[Opening Source data section]
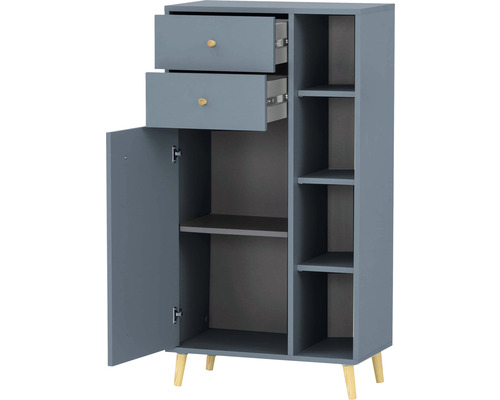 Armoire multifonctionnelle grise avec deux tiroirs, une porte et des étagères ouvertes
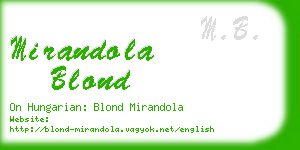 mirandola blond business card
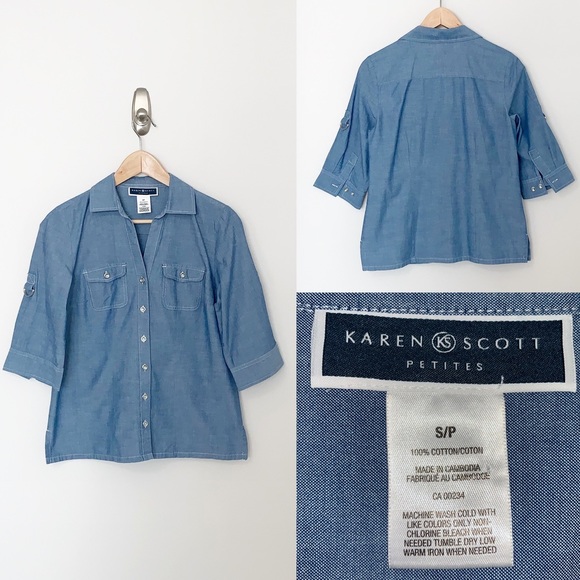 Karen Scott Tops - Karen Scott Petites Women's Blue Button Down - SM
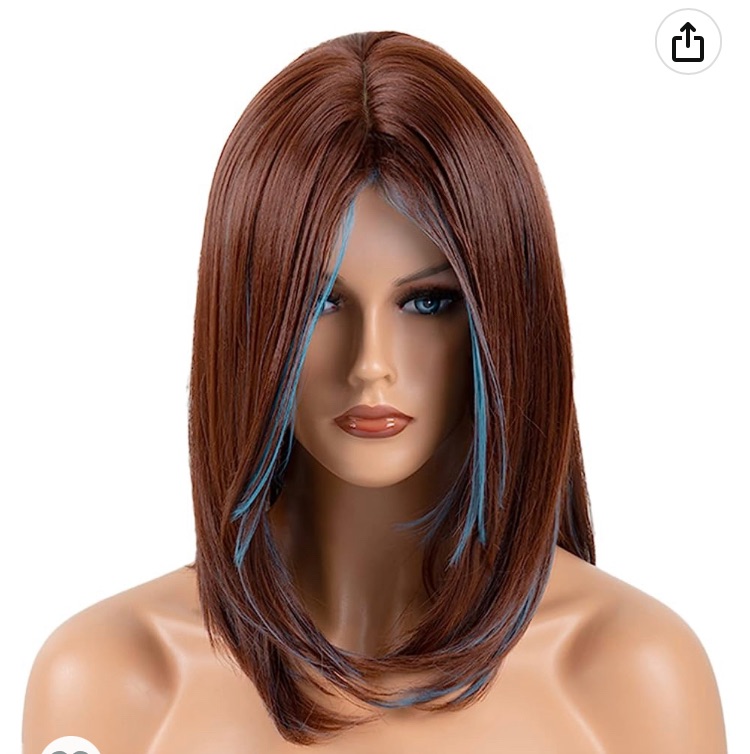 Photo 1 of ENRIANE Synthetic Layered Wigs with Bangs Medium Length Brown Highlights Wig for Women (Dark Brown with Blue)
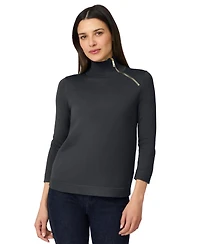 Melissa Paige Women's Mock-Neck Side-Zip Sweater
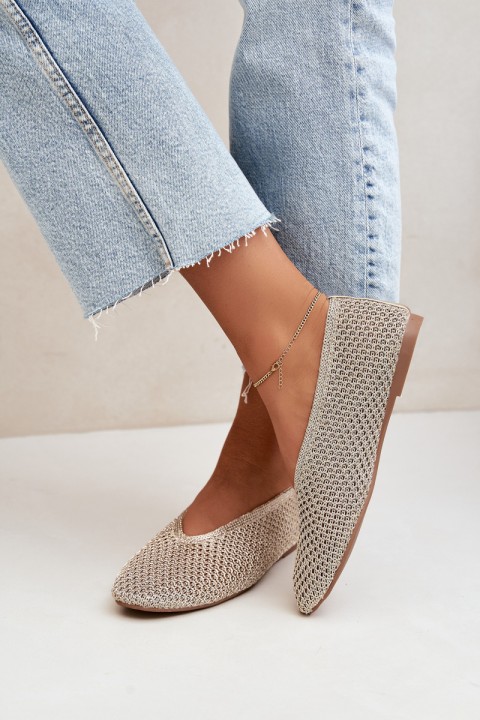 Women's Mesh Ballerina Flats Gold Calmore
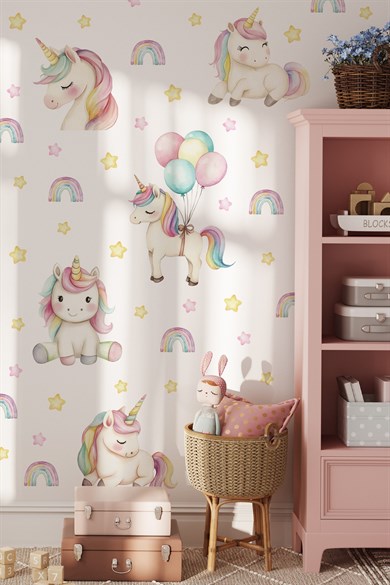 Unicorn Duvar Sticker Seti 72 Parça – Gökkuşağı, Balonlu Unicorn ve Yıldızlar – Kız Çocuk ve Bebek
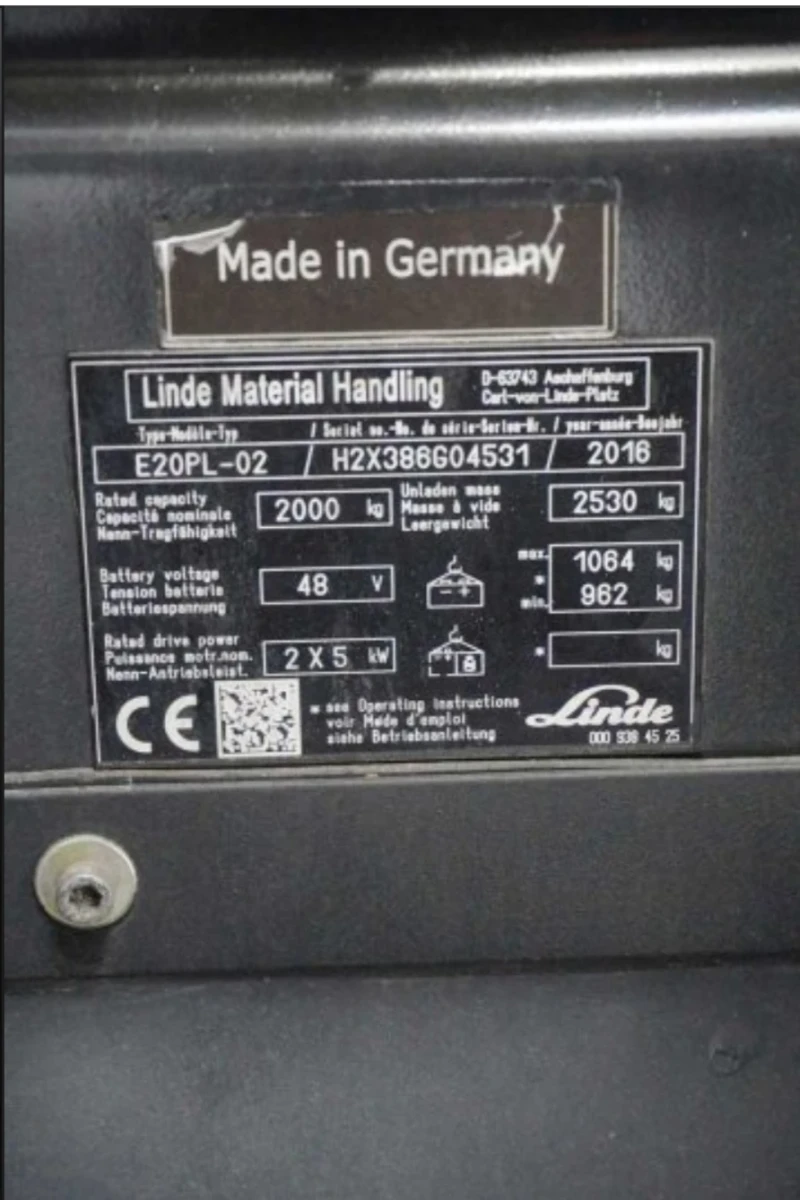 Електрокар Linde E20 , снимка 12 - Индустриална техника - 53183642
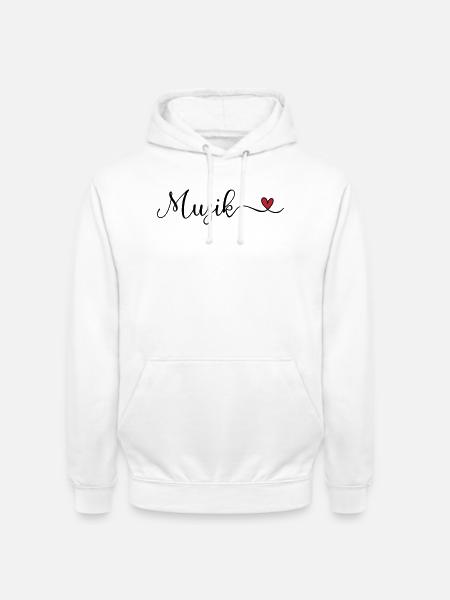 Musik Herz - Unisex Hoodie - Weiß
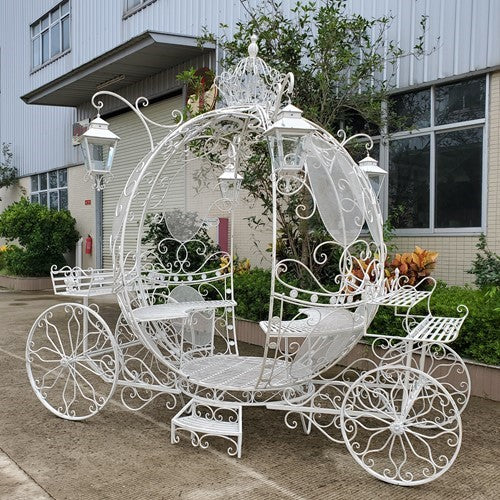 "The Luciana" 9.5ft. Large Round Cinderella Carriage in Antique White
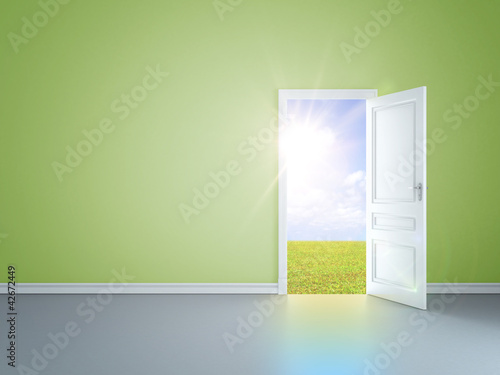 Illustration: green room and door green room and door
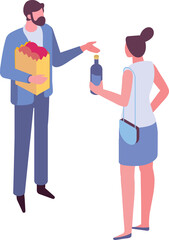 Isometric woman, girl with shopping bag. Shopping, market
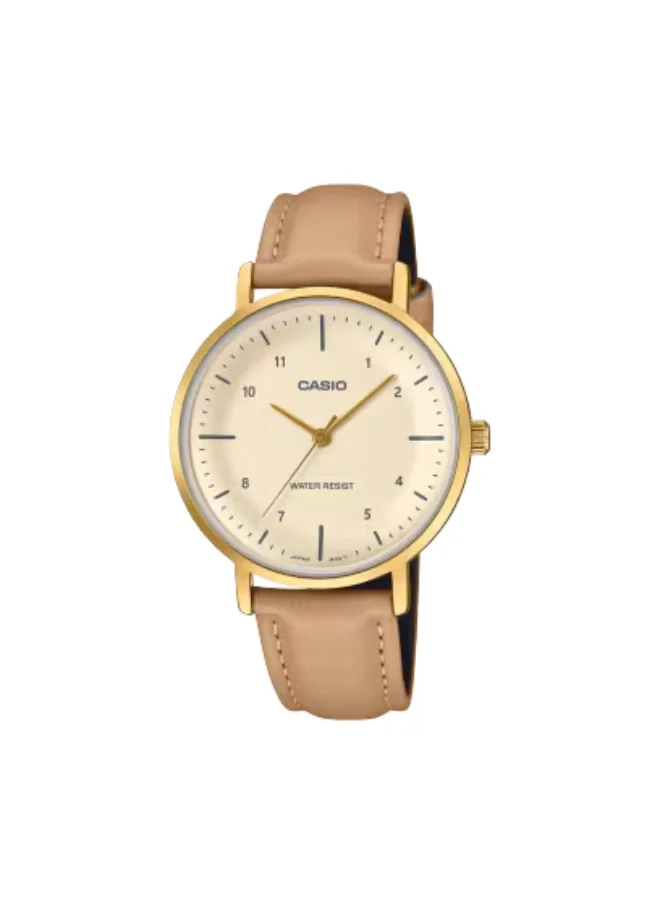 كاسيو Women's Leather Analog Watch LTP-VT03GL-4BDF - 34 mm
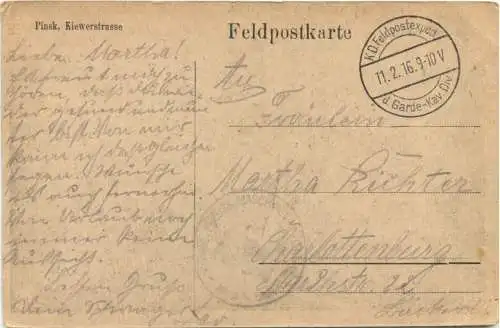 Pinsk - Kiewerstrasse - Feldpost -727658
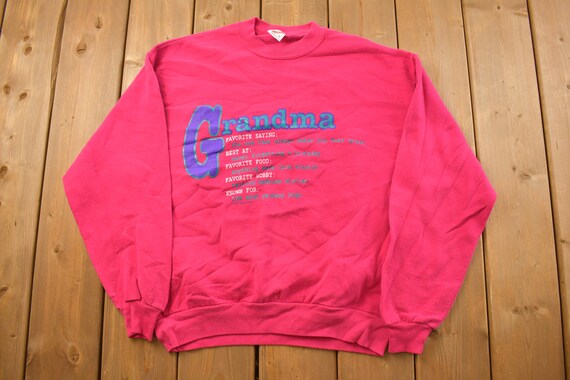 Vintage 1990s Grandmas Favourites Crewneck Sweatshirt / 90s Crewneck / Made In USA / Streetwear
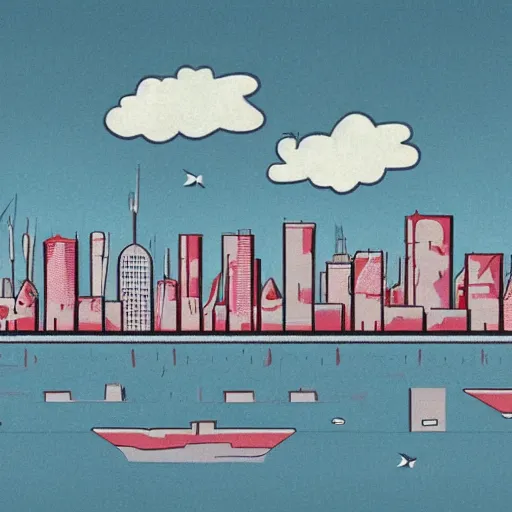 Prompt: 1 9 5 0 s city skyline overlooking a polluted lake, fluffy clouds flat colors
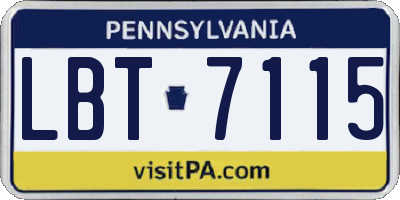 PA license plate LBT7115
[Closing Source data section]
→ To do:
What is needed is every entry above, repeated exactly, with the pictures dropped.

→ Task output:
 Armoire multifonctionnelle grise avec deux tiroirs, une porte et des étagères ouvertes
 mirandola blond business card
 Karen Scott Tops - Karen Scott Petites Women's Blue Button Down - SM
 Photo 1 of ENRIANE Synthetic Layered Wigs with Bangs Medium Length Brown Highlights Wig for Women (Dark Brown with Blue)
 Melissa Paige Women's Mock-Neck Side-Zip Sweater
 Women's Mesh Ballerina Flats Gold Calmore
 Unicorn Duvar Sticker Seti 72 Parça – Gökkuşağı, Balonlu Unicorn ve Yıldızlar – Kız Çocuk ve Bebek
 Електрокар Linde E20 , снимка 12 - Индустриална техника - 53183642
 Musik Herz - Unisex Hoodie - Weiß
 "The Luciana" 9.5ft. Large Round Cinderella Carriage in Antique White
 Illustration: green room and door green room and door
 Isometric woman, girl with shopping bag. Shopping, market
 كاسيو Women's Leather Analog Watch LTP-VT03GL-4BDF - 34 mm
 Pinsk - Kiewerstrasse - Feldpost -727658
 Vintage 1990s Grandmas Favourites Crewneck Sweatshirt / 90s Crewneck / Made In USA / Streetwear
 Prompt: 1 9 5 0 s city skyline overlooking a polluted lake, fluffy clouds flat colors
 PA license plate LBT7115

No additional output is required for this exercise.